On January 30, 2020, Judge Carter granted Ms. Bromfield leave to amend and denied Defendants' motion for summary judgment as moot, noting that “discovery issues were still in the process of being resolved on November 2, 2018, ” and anticipated that “additional discovery may need to be taken[.]” (ECF No. 124 at 5-6) (emphasis added). Judge Carter also noted that “[Ms. Bromfield's] [] [C]omplaint includes some language that should have put Defendants[] on notice of a possible race based discrimination claim.” (Id. at 6).
On February 26, 2020, Ms. Bromfield filed the Amended Complaint (ECF No. 127). Ms. Bromfield alleges that she was employed by BLSCC for 24 years as a Certified Nursing Assistant, but after being falsely charged with workplace misconduct, was forced to resign. (Id. ¶¶ 6, 22- 23). In support of the Race Claims, Ms. Bromfield alleges that Defendants, particularly Maria Collura, the Director of Human Resources at BLSCC, discriminated against her because Ms. Bromfield is female, Black, and was over the age of 40 at the time of her constructive discharge. 2 (Id. ¶¶ 1, 4, 6, 17, 43). The Amended Complaint also added a new, purportedly “indispensable party, ” Grace Baptiste, a Certified Nursing Assistant, on the basis of “new facts” which Bromfield obtained during discovery. (Id. ¶ 3).

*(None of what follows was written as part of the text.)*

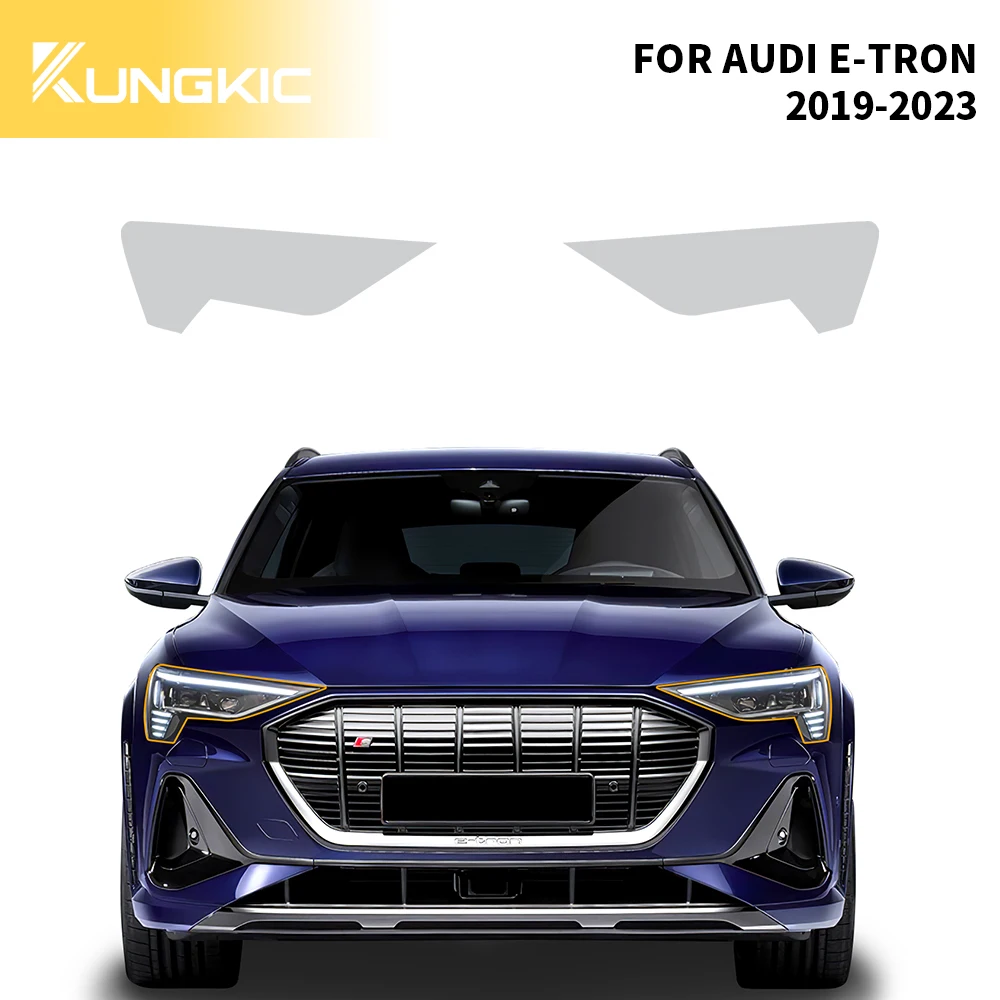 Pre Cut for AUDI E-TRON 2019-2023 Anti-collision TPU Original Transparent Protection Film Headlight Rearview Mirror Clear Decal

On December 28, 2020, the Court issued the Consolidated Discovery Order, denying several outstanding discovery disputes raised by Ms. Bromfield. (ECF No. 201). On September 8, 2021, Ms. Bromfield filed a letter-motion to Judge Carter: (i) seeking the recusal of the undersigned; (ii) requesting a jury trial; and (iii) raising with the Court that Defendants were seeking to depose her following the conclusion of discovery. (ECF No. 210).
The Court does not address in this Order Ms. Bromfield's recusal request, which is before Judge Carter.
On September 10, 2021, Defendants filed the Request, stating that, in the event the case did not settle, they sought to “re-depose [Ms. Bromfield] with respect to her racial discrimination claims[, ] [which] first appeared in [Ms. Bromfield's] Amended Complaint, which was filed on February 26, 2021 - after the close of discovery and after Defendants moved for summary judgment.” (ECF No. 211 at 1-2). Defendants noted that that Court was clear in granting leave to amend that “additional discovery may need to be taken.” (Id. at 2) (quoting ECF No. 124 at 6). Defendants stated that after the re-deposition they intended to move for summary judgment. (Id.)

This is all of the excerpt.